CurlyMoo commented 2 months ago

I tried with just a webserver request to the JSON url, but also only opening the websocket session (disabled webpage refresh). So it is not related to only websocket.

I don't quite understand this sentence.

IgorYbema commented 2 months ago

If you open the normal heishamon webpage, it does two things at the same same. It refreshes the page using a 30 sec JSON request (on /json url) and it opens the websocket. I noticed that the firmware update failed if, on another tab, the heishamon website was opened. However try to understand if it was only the websocket or another webrequest, I tried both seperatly. So a seperate websocket test (without the JSON reload active), and also just downloading the JSON info (without websocket active).
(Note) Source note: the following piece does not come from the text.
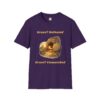 Grave? Defeated Grace? Unmatched Short Sleeve Tee in Purple
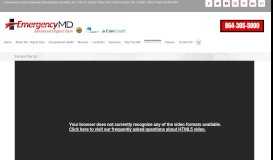 
							         Advanced Urgent Care - Patient Portal - EmergencyMD								  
But it didn't; matter.

In fact, if the webserver is sending data back to a client (another client connection) while it is receiving data (firmware), the firmware will fail (it will try to read more data than available).

I hope this is more clear now :-)

I am thinking of two possibilities:

CurlyMoo commented 2 months ago

Does it fail on the md5 or also on the content length?

IgorYbema commented 2 months ago

It doesn't reach the md5 check as the 'return -1' causes the webserver to end abruptly. So it fails on the readlen > totallen

But I did check two wireshark dump on which one was a good transfer and one was a bad, failed, transfer. Both where exactly the same (only differnt port numbers ofcourse) so the client did sent the same data. It was processed differently by the webserver (in the case when it was also processing sending data to another client).

CurlyMoo commented 2 months ago

I managed to create a unittest that indeed triggers the named line. Now need to see why.

IgorYbema commented 2 months ago

Great job!

CurlyMoo commented 2 months ago

Hmm, i can make it to fail when both webserver clients share the same client_read function which mixes up the read pointer. However, when i give each client it's own read function it just works.

That make me wonder if somehow i made a mistake in the acceptance of new socket clients, mixing the up when multiple clients are connected.

CurlyMoo commented 2 months ago

I think this discussions is similar to our issue: https://github.com/arduino-libraries/WiFiNINA/issues/176

CurlyMoo commented 2 months ago

Maybe we need to switch to a different library instead of WifiClient as described here: https://github.com/espressif/arduino-esp32/blob/master/libraries/WiFi/examples/WiFiTelnetToSerial/WiFiTelnetToSerial.ino

CurlyMoo commented 2 months ago

I pushed an update to the websocket branch. I'm also curious if this bug also occurs when running the webserver in async mode.